Work instruction: The whole listing is to be restated word for word with no images.

Available data:
_ _ _

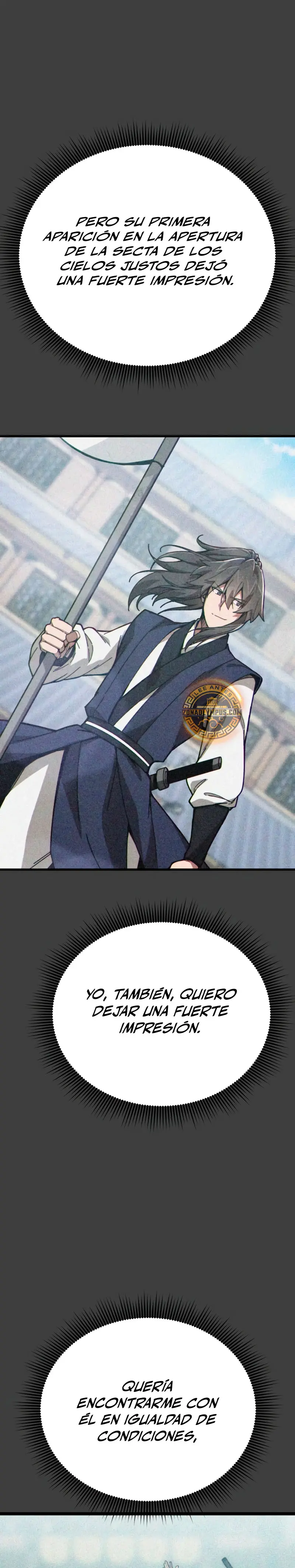 Inicializando el Sistema de la Secta > Capitulo 14 > Page 301
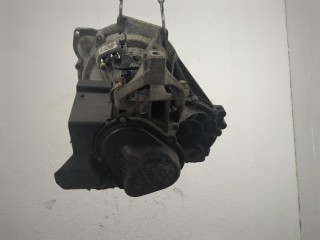 КПП 5-ст.мех. (МКПП), ориг. номер 3M5R7002NF, Ford Focus 2007-2011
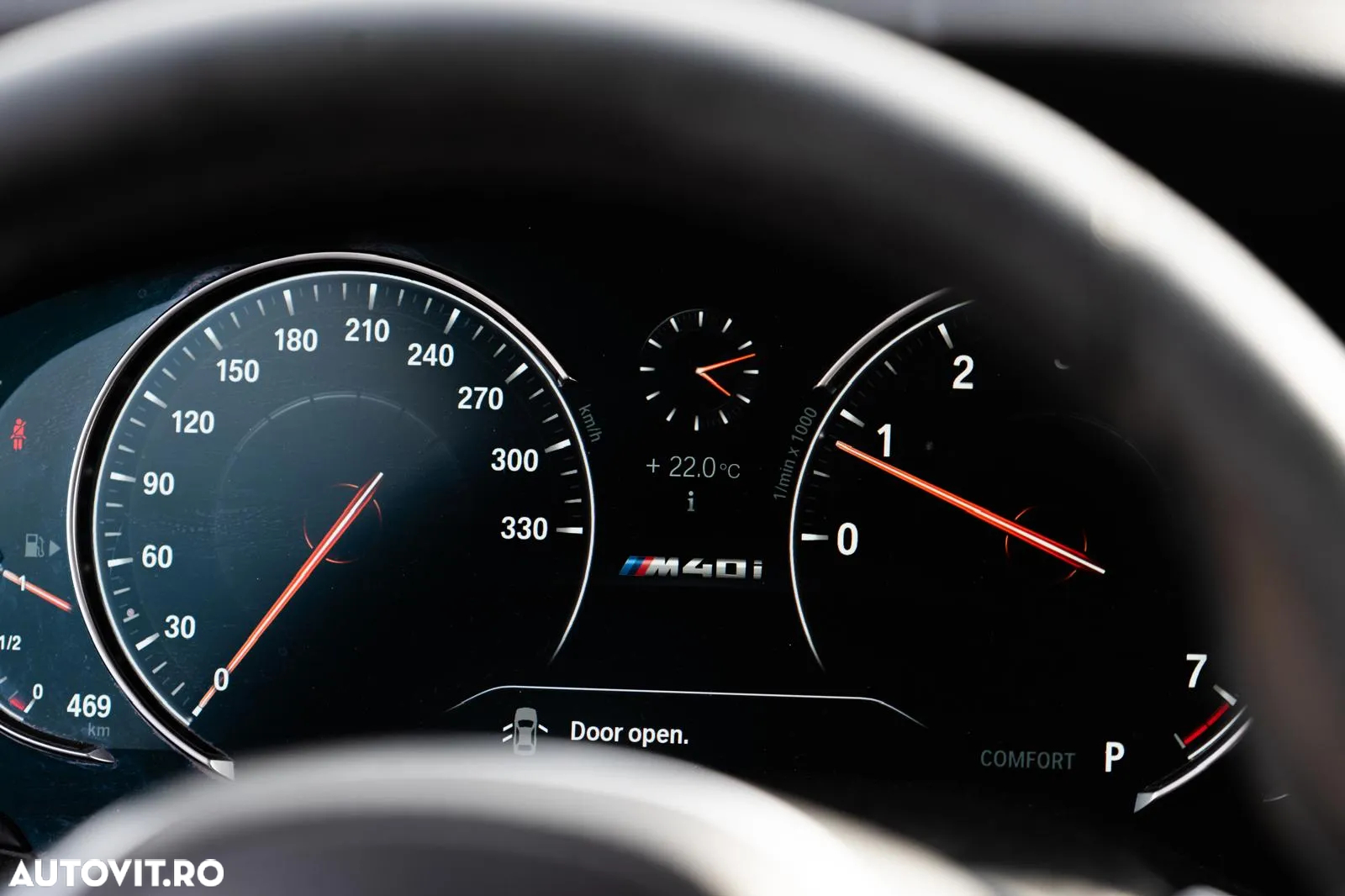 BMW Seria 5 540i xDrive AT - 19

_ _ _

Solution to this problem:
 Inicializando el Sistema de la Secta > Capitulo 14 > Page 301
 КПП 5-ст.мех. (МКПП), ориг. номер 3M5R7002NF, Ford Focus 2007-2011
 BMW Seria 5 540i xDrive AT - 19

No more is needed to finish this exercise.